Stick-bootings tested:
- AMD-64 Toshiba Satellite
- ASUS eeePC 901 (Intel)

What's the point for this strange idea anyway?
I began this project for the German Pirate Party (Piratenpartei Deutschland) as an idea for a mobile communication center device, based upon pure open source and no idea which hardware is on avail. So for a free mixture of DHCP, DNS, load balancing, Transparent Proxy, squid, mb Privoxy, asoasf.

Why haven't you tried KNOPPIX or DSL (Damn Small Linux)?
I do appreciate both ideas as both are based on Debian Linux, but KNOPPIX uses unstable, testing and non-free sources - three ways against stable, in production or free digital systems. The package support for DSL is not as broad as needed - f.ex. missing Privoxy. So I started with a simple question: "Install Debian on USB" and landed for the first tests on flimzy's site [5] - a good start at least for a proval of problems using 'chroot', which I do not like for this kind of experiment, but also the 'moo'- and 'casper'-ways stopped me.

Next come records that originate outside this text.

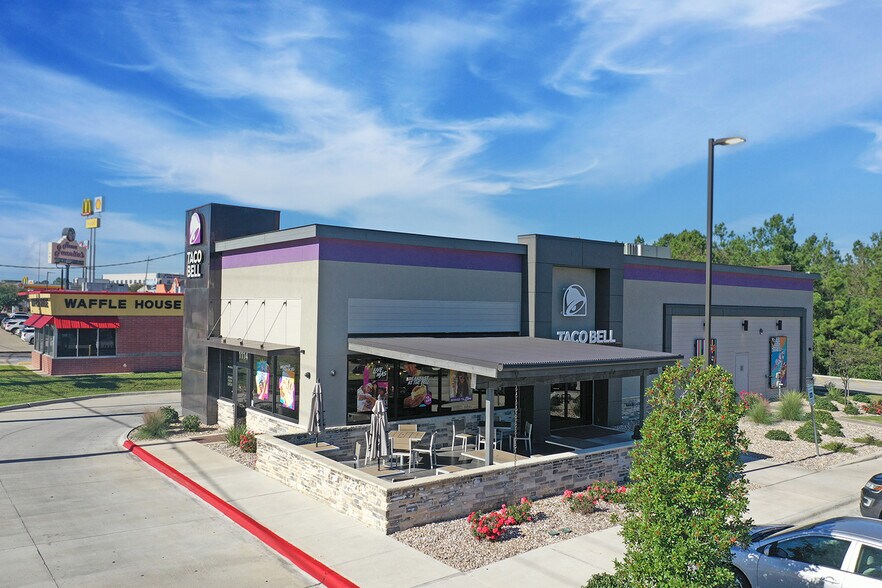 1114 League Line Rd, Conroe, TX for sale - Building Photo - Image 1 of 1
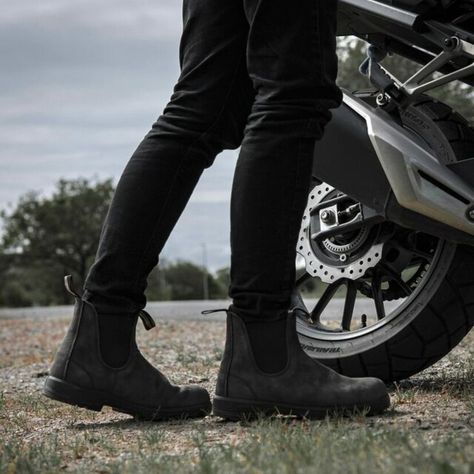 The #587 Classics Series in Rustic Black. Rugged, tough, and ready for anything. 📷@itsmoodyrider #Blundstone #Motorbike #ChelseaBoot #BlundstoneBoots Blundstone Boots, Chelsea Boots, Quick Saves, Black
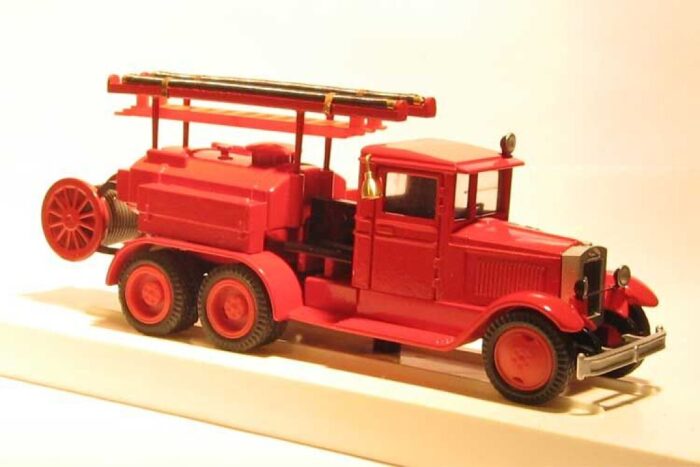 ЛОМО-АВМ 1/43 ЗИС-6 Трехосная рама — изображение 3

External stuff that helped me:
[2] http://qemu-forum.ipi.fi/viewtopic.php?f=3&t=4177
[3] http://gamlingen.blogspot.com/2009/03/personal-how-to-for-tiny-debian-lenny.html
[4] http://linuxmafia.com/faq/Debian/hardware-detection.html
[5] http://wiki.flimzy.com/index.php/Install_Debian_on_USB

ONGOING: At last I did manage do get a mobile connection after two months - read on in the second part ;-)


Andreas said...

So far everything works on the qemu and only the acpi is probably still on my knackers... But whats really hard currently is that grub is giving me head-aches is the GRUB when booting directly from the USB-Stick but about to find out. Thankstough for this nice intro!